Telecomm deregulation becomes first bill to pass both chambers

03/02/2015 11:23 PM

FRANKFORT – Legislation to reform telecommunication regulations in the commonwealth became the first bill to be passed by both the House and Senate during the 2015 General Assembly.

House Bill 152, sponsored by Rep. Rick Rand, D-Bedford, was passed by a 30-3 vote on Monday night by the Senate.

The bill, known as the “AT&T bill”, would remove requirements that telephone companies offer basic landline service in urban areas.

Sen. Paul Hornback who sponsored similar legislation the past three years, says that the bill is about bringing technology Kentucky into the 21st century, and the state has paid a price with the bill not becoming law the past three years.

“You know, this bill, and holding it back for two or three years, it’s untold how many millions and billions of dollars we’ve lost in investments in the state,” said Hornback, R-Shelbyville. “It keeps Kentucky behind because we didn’t have the investment here to attract more businesses to have a better communications network.”

Hornback said the two keys differences with HB 152 and past telecom reform bills is that HB 152 contains language that represents an agreement struck last year between AT&T and a previous opponent of the legislation, the Kentucky Cable Telecommunication Association.

The legislation also contains stronger language to protect consumers, Hornback said. It would give rural customers 60 days – rather than the 30 days outlined in other proposals – to transition back to landline telephone service from a newer technology should they desire to do so.

HB 152 also prevents telecommunication companies from reclassifying rural areas to urban areas in order not to provide basic landline service.

Sen. Robin Webb, D-Grayson, who voted against the proposal, said that the legislation is a disguised form of deregulation.

“This is a deregulation bill, that is what this is all about,” Webb said. “And when the Kentucky safeguards, the PSC, and all of those are removed, that’s just one step closer to this monopoly who’s doing quite well.”

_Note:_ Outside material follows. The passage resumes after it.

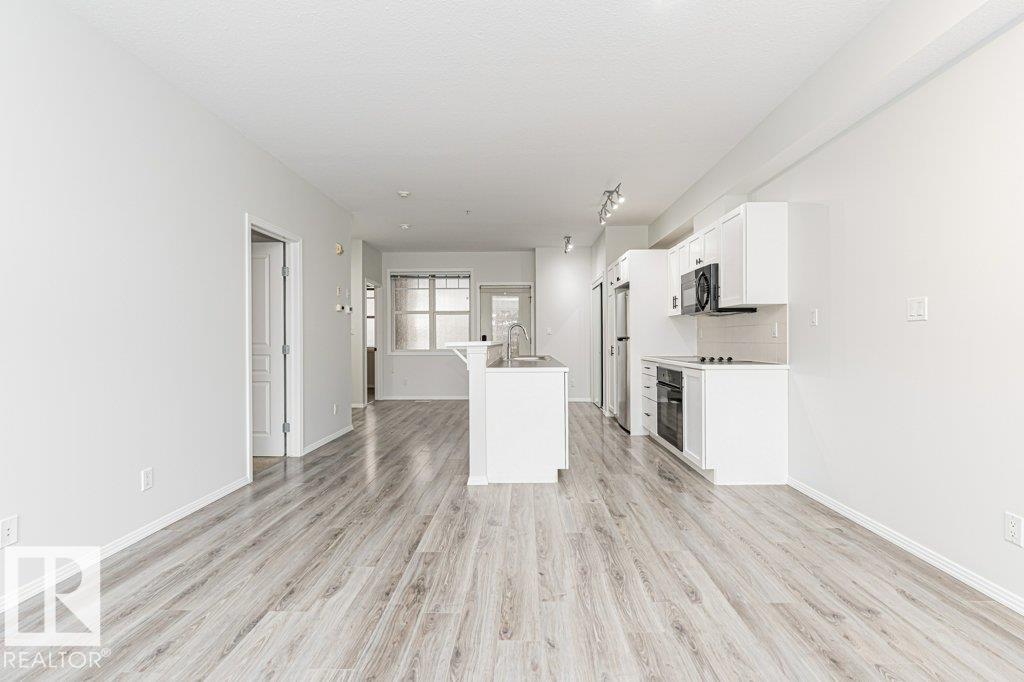 Photo 21 at 211 - 9828 112 Street NW, Wîhkwêntôwin, Edmonton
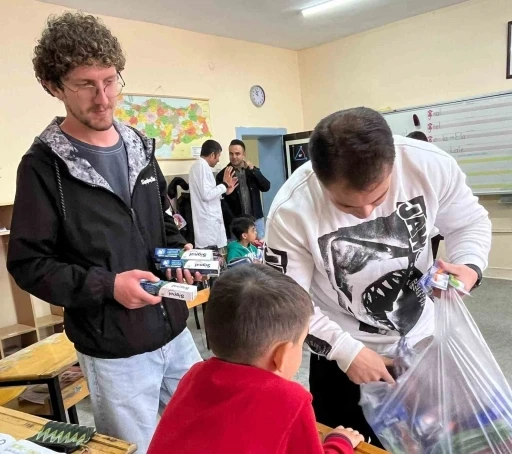 Kent Konseyi, ilkokul öğrencilerine kırtasiye malzemesi dağıttı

AT&T Kentucky President Hood Harris testified before the Senate Committee on Economic Development, Tourism and Labor earlier in the day saying that it’s all about doing what the consumers are asking for.

“Consumers are demanding new technology and this bill will allow investment in new technology consumers are demanding,” Harris said.

The bill now heads to the desk of Governor Steve Beshear who is expected to sign the bill into law.